_Work required_
Set each record down exactly, excluding all images.

_ _ _ _ _ _ _

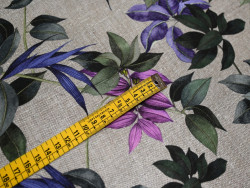 Loneta Estampada de Flores 280 cm | Tapicería y Decoración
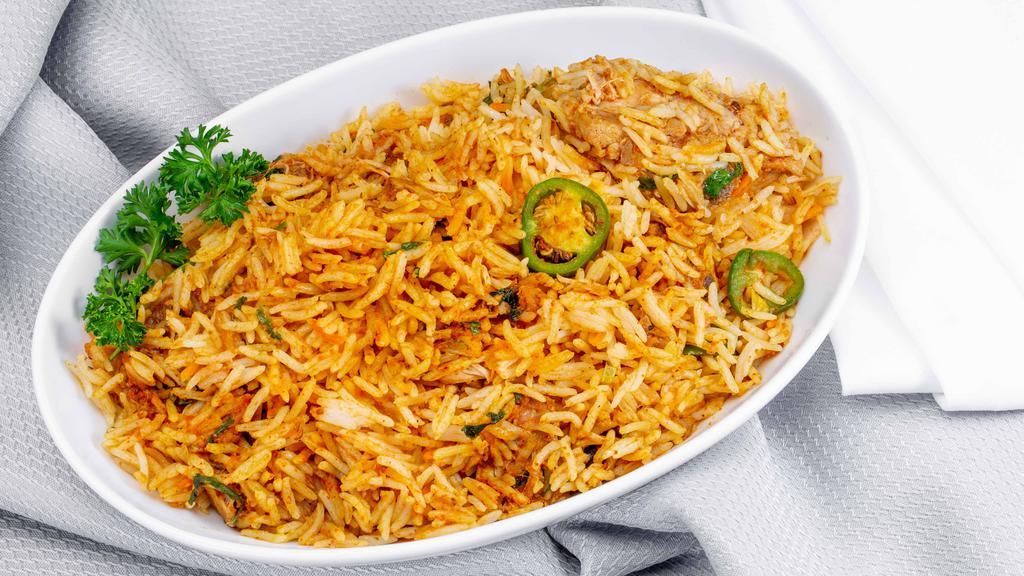 Chicken Biryani · chicken cooked with basmati rice and spice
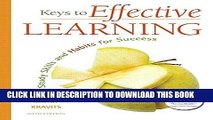 [Ebook] Keys to Effective Learning: Study Skills and Habits for Success Plus NEW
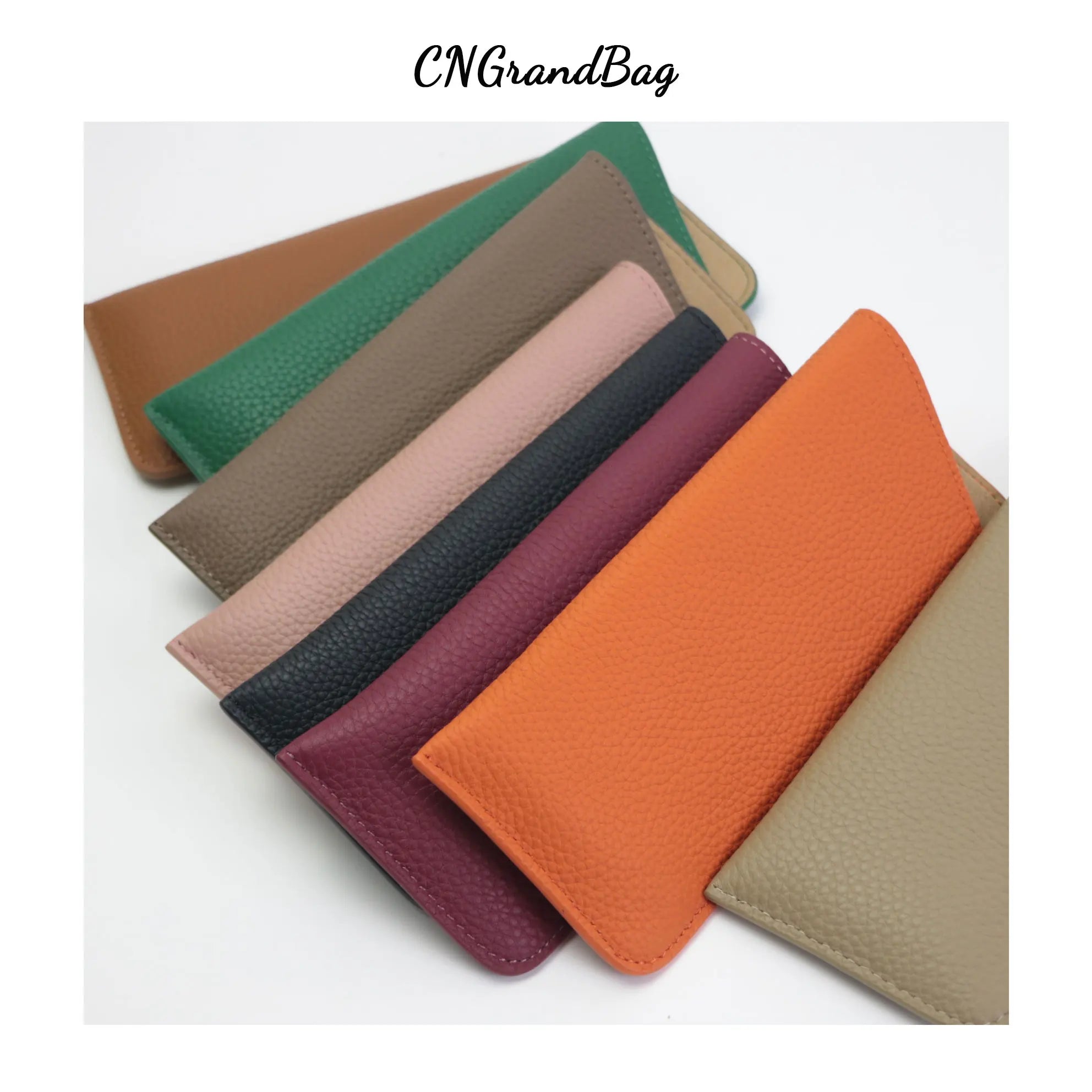 Leather Glasses Storage Bag Soft Myopia Sunglasses Men Women Cover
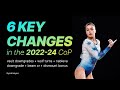 6 key changes in the *new* 2022-24 gymnastics Code of Points (CoP)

_ _ _ _ _ _ _

_Task result_
 Loneta Estampada de Flores 280 cm | Tapicería y Decoración
 Chicken Biryani · chicken cooked with basmati rice and spice
 [Ebook] Keys to Effective Learning: Study Skills and Habits for Success Plus NEW
 Leather Glasses Storage Bag Soft Myopia Sunglasses Men Women Cover
 6 key changes in the *new* 2022-24 gymnastics Code of Points (CoP)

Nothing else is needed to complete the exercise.